> Your task
Copy exactly, please, each line of the data below until the line that contains "MLS Image #9" has been copied, beginning at the top.

> Entries shown
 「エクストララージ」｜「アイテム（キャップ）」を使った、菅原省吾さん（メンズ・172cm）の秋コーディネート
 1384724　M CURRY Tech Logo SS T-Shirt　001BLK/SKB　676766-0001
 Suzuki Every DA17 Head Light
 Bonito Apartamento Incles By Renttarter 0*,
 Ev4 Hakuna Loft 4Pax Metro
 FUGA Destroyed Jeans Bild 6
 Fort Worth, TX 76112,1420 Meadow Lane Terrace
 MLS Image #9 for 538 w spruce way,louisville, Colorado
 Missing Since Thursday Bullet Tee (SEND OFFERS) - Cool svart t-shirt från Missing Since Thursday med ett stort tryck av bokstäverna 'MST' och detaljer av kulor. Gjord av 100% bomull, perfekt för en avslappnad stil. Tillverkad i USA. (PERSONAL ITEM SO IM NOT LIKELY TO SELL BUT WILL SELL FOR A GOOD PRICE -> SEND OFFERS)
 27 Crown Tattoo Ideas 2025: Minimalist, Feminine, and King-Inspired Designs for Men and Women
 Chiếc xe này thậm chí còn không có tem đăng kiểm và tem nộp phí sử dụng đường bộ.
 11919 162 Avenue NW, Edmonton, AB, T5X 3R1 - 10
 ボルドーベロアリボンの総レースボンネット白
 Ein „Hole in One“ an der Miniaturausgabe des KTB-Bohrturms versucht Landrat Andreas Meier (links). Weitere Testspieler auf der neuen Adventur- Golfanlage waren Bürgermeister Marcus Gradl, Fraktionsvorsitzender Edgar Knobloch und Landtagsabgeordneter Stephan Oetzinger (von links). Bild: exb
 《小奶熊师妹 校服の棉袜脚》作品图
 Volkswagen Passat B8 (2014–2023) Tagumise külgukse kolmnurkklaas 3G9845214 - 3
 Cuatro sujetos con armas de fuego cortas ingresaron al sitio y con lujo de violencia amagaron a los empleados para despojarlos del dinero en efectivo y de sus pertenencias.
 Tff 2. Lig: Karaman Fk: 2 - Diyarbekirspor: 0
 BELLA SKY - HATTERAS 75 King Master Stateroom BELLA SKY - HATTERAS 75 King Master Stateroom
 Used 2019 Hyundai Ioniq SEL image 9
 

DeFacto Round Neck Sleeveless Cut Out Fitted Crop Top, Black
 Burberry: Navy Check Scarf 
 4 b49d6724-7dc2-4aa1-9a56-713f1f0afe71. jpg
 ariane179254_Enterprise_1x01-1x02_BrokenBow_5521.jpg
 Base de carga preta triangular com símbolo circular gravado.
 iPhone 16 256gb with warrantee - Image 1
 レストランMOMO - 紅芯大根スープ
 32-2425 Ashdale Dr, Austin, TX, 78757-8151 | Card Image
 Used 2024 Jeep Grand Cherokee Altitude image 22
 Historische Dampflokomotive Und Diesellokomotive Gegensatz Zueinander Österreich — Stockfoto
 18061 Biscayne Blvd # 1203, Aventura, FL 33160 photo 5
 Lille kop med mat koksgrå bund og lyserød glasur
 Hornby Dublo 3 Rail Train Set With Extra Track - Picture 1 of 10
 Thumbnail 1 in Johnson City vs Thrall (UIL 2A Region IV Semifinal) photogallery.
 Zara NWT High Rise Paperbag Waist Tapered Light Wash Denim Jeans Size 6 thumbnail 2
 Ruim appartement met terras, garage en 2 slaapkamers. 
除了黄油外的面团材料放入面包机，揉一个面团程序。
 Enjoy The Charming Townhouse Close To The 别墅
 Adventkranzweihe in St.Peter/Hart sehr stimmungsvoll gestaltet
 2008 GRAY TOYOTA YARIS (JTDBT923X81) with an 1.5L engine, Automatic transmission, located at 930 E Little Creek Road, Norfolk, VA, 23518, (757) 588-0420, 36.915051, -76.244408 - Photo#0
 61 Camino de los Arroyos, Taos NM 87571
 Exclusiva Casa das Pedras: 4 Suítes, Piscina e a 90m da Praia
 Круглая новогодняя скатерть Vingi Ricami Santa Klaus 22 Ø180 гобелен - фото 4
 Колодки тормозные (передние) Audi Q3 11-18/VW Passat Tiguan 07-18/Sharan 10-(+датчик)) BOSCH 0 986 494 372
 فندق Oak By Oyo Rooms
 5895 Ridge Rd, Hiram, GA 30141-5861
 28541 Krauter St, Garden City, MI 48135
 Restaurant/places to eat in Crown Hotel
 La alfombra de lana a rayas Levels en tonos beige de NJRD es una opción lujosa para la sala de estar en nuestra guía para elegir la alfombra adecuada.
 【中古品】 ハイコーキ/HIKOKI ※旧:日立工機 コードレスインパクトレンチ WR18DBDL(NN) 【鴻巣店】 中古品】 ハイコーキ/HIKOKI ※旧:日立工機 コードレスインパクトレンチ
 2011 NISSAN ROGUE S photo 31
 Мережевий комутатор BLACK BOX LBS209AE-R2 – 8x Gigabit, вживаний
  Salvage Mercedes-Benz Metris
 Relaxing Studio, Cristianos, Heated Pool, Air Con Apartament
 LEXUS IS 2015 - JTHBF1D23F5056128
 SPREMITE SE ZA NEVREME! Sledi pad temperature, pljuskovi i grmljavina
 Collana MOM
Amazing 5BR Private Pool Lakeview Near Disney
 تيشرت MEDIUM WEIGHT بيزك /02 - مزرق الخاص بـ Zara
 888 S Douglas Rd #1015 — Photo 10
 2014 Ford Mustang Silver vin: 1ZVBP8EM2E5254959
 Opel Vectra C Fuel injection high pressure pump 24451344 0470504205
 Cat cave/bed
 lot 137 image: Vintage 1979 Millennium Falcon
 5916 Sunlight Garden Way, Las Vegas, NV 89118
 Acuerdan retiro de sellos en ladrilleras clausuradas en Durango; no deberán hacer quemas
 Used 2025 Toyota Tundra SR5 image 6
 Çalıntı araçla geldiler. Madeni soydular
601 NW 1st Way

> Result for this task
 「エクストララージ」｜「アイテム（キャップ）」を使った、菅原省吾さん（メンズ・172cm）の秋コーディネート
 1384724　M CURRY Tech Logo SS T-Shirt　001BLK/SKB　676766-0001
 Suzuki Every DA17 Head Light
 Bonito Apartamento Incles By Renttarter 0*,
 Ev4 Hakuna Loft 4Pax Metro
 FUGA Destroyed Jeans Bild 6
 Fort Worth, TX 76112,1420 Meadow Lane Terrace
 MLS Image #9 for 538 w spruce way,louisville, Colorado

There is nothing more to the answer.